During the next year or so, I caught every performance by Harry Harpoon that I possibly could. I enjoyed every moment of the performances. I made a few more halfhearted attempts at playing the guitar, but nothing ever came of it.
In 1993, I moved to Salt Lake to begin law school. With law school and family obligations I gave up thinking about the guitar. It was about that time my brother hooked me up with the BMG CD club. I joined the classical music program and began collecting classical music CDs. I didn’t listen to or even really think about the blues for a couple of years.
There was a small music shop two doors down from my apartment. During my third year of law school, I looked into the window of the store for the first time in the more than two years I lived next to the shop. When I looked into the window of the shop, I saw a shiny, new, metal resonator guitar hanging on the wall. I stared and felt the musical beast within me starting to stir.
I entered the shop and spoke with the owner of the shop. We talked about the resonator guitar. We talked about the blues. The blues hunger was back. I picked up a beginning blues book and cassette. I played diligently for about three days. But my sore fingers, musical clumsiness from being out of musical condition for so long, and my lack of time contributed to yet another failed attempt at playing the guitar.
I didn’t pick up the guitar again for a very, very long time. I finished law school, took the bar exam, and moved to Korea. I got caught up with my new job at the law firm. I kept promising myself that I would start playing the guitar as soon as I had enough money and time to start again. That never happened. I never seemed to find the time or the money for a new acoustic guitar.

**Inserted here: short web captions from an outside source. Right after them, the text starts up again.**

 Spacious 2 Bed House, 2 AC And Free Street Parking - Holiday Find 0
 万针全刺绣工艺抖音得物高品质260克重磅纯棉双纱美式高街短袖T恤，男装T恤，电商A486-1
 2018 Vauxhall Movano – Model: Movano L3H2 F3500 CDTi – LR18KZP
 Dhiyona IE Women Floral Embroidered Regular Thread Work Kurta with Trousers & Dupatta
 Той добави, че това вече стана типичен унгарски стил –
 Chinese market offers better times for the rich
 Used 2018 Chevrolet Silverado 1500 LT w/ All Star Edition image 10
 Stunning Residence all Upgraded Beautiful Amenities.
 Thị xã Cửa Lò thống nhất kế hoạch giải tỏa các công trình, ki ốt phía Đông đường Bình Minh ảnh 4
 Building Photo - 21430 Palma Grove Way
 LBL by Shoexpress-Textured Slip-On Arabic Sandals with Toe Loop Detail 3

A little more than a year ago in the late spring of 2004, I suddenly had a thought. I am a successful, 34 year old international lawyer. I have money. I will never have more time than I have now. Why not start playing guitar seriously.
I went searching for a new guitar. Through a few people I know and a few connections, I was turned on to my new baby:




I named her Arlene. Arlene is a temperamental broad with a wicked personality. She can be a nasty, ornery, scratchy beast one minute and sing the sweetest lullabies imaginable the next. A girl like that could only be named after…my mother, Arlene.
I picked up a few books on the blues, set aside an hour or so each night, and began to play the blues. Now here I am, 13 months later. Having the time of my life.